1 1/2 Knights: In Search of the Ravishing Princess Herzelinde (German: 1 1/2 Ritter – Auf der Suche nach der hinreißenden Herzelinde) is a 2008 German film directed by Til Schweiger. It stars Til Schweiger, Rick Kavanian, Julia Dietze, Thomas Gottschalk and Udo Kier. The film centers on two knights, Lanze (Schweiger) and Erdal (Kavanian) who are trying to save kidnapped Princess Herzelinde (Dietze) from the Black Knight (Tobias Moretti). Some characters from Der Ring des Nibelungen by Richard Wagner, such as Siegfried (Thierry van Werveke) and Brünnhilde (Stefanie Stappenbeck) appear in the film.

==Plot==
In the Middle Ages, the dodgy businessman Count Luipold Trumpf approaches the financially troubled King Gunther to court his daughter, Princess Herzelinde. Herzelinde refuses, and so Trumpf has her kidnapped by the Black Knight. So the shy and naive knight Lanze – the princess's bodyguard – and the Turkish petty thug Erdal, the "half" knight, set out to free Princess Herzelinde from the Black Knight's clutches. Aside from their quest constantly being disrupted by the people they meet during their travels, Lanze and Erdal also fall victim to an insidious plot by the royal family. Erdal invents the Döner kebab along the way. Roberto Blanco makes a guest appearance as the beverage supplier for the Black Knight's hippie commune.

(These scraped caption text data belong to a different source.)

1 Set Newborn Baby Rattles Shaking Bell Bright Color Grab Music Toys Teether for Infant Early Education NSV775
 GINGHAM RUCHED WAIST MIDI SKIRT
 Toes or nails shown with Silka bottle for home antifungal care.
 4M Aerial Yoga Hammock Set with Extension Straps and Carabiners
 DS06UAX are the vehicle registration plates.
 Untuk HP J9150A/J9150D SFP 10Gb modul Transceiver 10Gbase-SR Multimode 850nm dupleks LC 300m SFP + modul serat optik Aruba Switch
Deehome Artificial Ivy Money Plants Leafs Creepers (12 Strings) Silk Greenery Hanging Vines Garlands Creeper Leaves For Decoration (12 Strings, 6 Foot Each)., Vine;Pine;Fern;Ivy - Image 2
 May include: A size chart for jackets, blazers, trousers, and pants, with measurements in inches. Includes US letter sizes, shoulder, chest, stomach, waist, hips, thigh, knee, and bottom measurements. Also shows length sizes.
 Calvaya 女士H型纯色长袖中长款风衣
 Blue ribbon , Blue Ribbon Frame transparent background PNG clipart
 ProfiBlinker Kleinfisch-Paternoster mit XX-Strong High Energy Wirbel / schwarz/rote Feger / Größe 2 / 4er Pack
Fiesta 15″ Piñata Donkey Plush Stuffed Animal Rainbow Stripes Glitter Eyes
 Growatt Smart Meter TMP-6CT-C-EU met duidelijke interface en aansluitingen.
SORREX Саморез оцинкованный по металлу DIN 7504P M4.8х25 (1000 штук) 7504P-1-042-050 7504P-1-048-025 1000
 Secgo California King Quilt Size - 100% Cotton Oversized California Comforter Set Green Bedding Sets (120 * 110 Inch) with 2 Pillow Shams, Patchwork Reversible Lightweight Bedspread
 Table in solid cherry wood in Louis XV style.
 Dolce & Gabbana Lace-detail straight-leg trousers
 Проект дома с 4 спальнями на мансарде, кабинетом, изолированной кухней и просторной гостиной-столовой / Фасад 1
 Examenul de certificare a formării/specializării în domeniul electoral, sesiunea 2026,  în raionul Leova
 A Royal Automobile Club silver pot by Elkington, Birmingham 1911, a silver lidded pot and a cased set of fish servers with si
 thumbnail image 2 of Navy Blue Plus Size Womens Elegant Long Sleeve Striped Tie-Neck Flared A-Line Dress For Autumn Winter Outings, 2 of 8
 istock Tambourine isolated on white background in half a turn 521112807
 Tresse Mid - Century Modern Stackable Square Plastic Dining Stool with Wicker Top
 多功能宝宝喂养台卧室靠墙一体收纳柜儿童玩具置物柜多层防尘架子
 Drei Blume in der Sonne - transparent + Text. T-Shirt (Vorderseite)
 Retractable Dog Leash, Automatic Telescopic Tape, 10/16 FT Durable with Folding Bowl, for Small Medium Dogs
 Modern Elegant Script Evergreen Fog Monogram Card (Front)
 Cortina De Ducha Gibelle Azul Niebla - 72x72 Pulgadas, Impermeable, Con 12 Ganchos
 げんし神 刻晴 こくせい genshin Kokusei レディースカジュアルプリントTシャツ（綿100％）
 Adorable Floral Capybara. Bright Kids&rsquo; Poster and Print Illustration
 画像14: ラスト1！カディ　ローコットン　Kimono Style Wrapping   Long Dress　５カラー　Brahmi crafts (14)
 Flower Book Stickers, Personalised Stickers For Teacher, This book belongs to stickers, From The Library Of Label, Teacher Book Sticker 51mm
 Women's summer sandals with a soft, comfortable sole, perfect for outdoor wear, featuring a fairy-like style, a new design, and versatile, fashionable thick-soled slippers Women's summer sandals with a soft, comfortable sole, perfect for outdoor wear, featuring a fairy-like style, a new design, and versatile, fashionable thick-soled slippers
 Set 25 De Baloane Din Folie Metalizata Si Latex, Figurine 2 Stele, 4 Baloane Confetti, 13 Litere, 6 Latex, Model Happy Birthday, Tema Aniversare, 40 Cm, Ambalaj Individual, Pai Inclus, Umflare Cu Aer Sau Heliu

In the end, with the help of his friend Erdal, the naive knight Lanze becomes sensitive and learns to talk to women, and is allowed to marry his sweetheart Herzelinde.

== Cast ==
- Til Schweiger as Knight Lanze
- Rick Kavanian as Half–Knight Erdal
- Julia Dietze as Princess Herzelinde
- Thomas Gottschalk as King Gunther
- Udo Kier as Luipold Trumpf
- Tobias Moretti as the Black Knight
- Mark Keller as Prince Gustav
- Ralph Herforth as Walter Sattler
- Gregor Bloéb as Jailer
- Thierry van Werveke as Siegfried
- Stefanie Stappenbeck as Brünnhilde
- Tim Wilde as Jailer's Assistant
- Anna Maria Mühe as Maid
- Denis Moschitto as the Archer
- Hannelore Elsner as Witch
- Johannes Heesters as an old scientist
- Dieter Hallervorden as the Horse Seller
- Roberto Blanco as Roberto
- Helmut Markwort as the Chief of the Tabloid

== Development ==

=== Music ===
The 1 1/2 Knights – In Search of the Ravishing Princess Herzelinde soundtrack album was released through Interscope Records on 19 December 2008, and includes the song "Walta Sattla", performed by Til Schweiger. In its review of the album, Bild wrote that "unlike the film itself, the soundtrack is just beautiful, not a funny parade".

== Critical reception ==
The film earned mostly negative reviews from film critics. German newspaper Süddeutsche Zeitung described it as an "embarrassing parade of celebrities", "[...] Til Schweiger has got both the critics and the press to hate him for this film. Not without reason. [...] The film is just as lame as its trailer". TV Movie.de wrote, "If the jokes were better and went beyond adolescent humor, it would become a real comedy". Cinefacts.de added that "Til [Schweiger] once again tried in the comedy genre, but that, unlike his previous films Barfuss and Keinohrhasen, it lacks gags". Dorit Koch from General Anzeiger Bonn wrote "Though the film lacks good gags, the famous cast will attract the audience". Cinema.de described the film as a "shallow medieval farce with a few funny ideas". "Til Schweiger directs and stars in his middle age film with childish jokes and Monty Python style. You can try to find it funny, but you won't", the Die Welt wrote.

== Release ==

| Country | Release date | Title | Notes |
|---|---|---|---|
| GER Germany | 18 December 2008 | 1+1⁄2 Ritter – Auf der Suche nach der hinreißenden Herzelinde |  |
| SUI Switzerland | 18 December 2008 | 1+1⁄2 Ritter – Auf der Suche nach der hinreißenden Herzelinde |  |
| AUT Austria | 19 December 2009 | 1+1⁄2 Ritter – Auf der Suche nach der hinreißenden Herzelinde |  |
| RUS Russia | 26 February 2009 | Полтора рыцаря: В поисках похищенной принцессы Херцелинды |  |
| HUN Hungary | 26 March 2009 | 1 és 1/2 lovag – Az elbűvölő Herzelinde hercegnő nyomában | Straight-to-DVD |

== Other media ==
A video game based on the film was developed by Daedalic Entertainment and published by Warner Bros. Interactive Entertainment.